But because a government can be fiscally irresponsible by running a deficit under one set of conditions does not make it fiscally responsible to avoid all deficits under wholly different conditions. In fact, had our economy been operating at only 4 percent unemployment during the last 5 years, the Federal budget would have shown a substantial surplus, not a deficit. But instead, unemployment has averaged 6 percent, and not failing below 5 percent for the past 5 years, the avoidance of deficits has been neither possible nor desirable, and it is clear now that only a reduction in wartime tax rates will bring us the higher income and larger revenues required both to balance our economy and the budget.

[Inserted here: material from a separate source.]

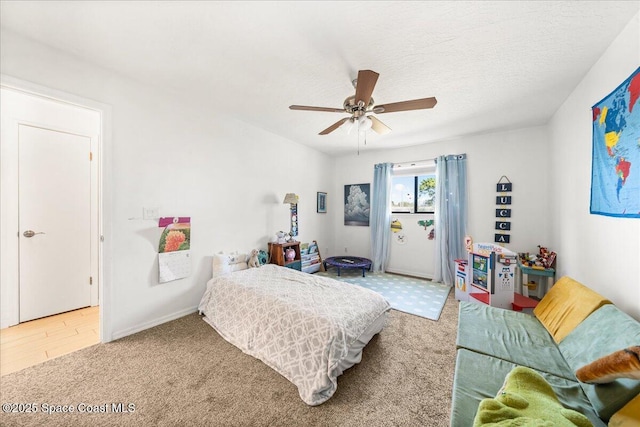 carpeted bedroom featuring ceiling fan and a textured ceiling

The projected deficit with a tax cut will no more damage the economy than did a larger deficit without a tax cut in fiscal '59. In fact, a budget deficit in fiscal '64, as large in proportion to our gross national product as that of fiscal '59 would be some $4 billion higher than we expect, even with a tax reduction. And if we ever slide into another recession, then the deficit without a tax cut would be far larger than the deficit now projected as a result of the tax cut.

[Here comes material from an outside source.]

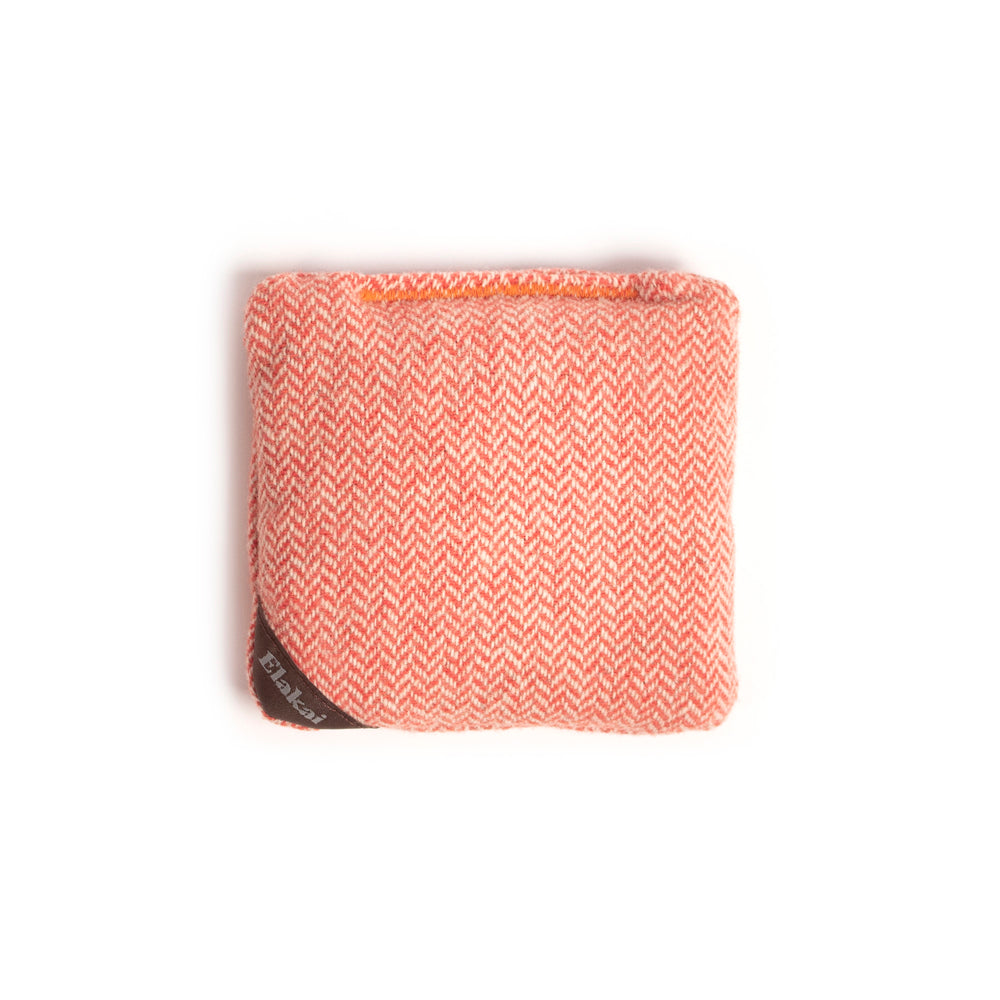 Folded pink and white patterned fabric on a white background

The previous administration did not incur five deficits in 8 years and add $23 billion to the national debt because of fiscal irresponsibility or excessive expenditure programs, nor are the programs of this administration fiscally irresponsible, even though we, too, are adding to the debt at the same time that our gross national product is moving ahead much faster. While we are concerned by the amount of money which must be paid in interest, it represents a smaller proportion of our budget than it did in 1946, although interest rates today are considerably higher. While we are concerned about the burden of the debt, measured in terms of proportion of gross national product, that burden is steadily declining. The debt, itself, in terms of both dollars and percentage increased in both the last year and the last decade at a considerably slower pace than the indebtedness of our Nation's consumers, private business, and, particularly, State and local governments.

Secondly the question arises: Why can't we cut expenditures? The answer is that we can and have. Agency and service requests were cut by some $19 billion before the 1964 budget was submitted, and I have cut an additional $615 million from my budget recommendations since first submitting them. Civilian expenditures, excluding defense, space, and interest, are being reduced below the level of last year, contrary to all trends in Federal, State, and local governments. Once the equal of State and local expenditures, our Federal civilian expenditures are now less than half as great, and their ratio to our gross national product has also declined over the years.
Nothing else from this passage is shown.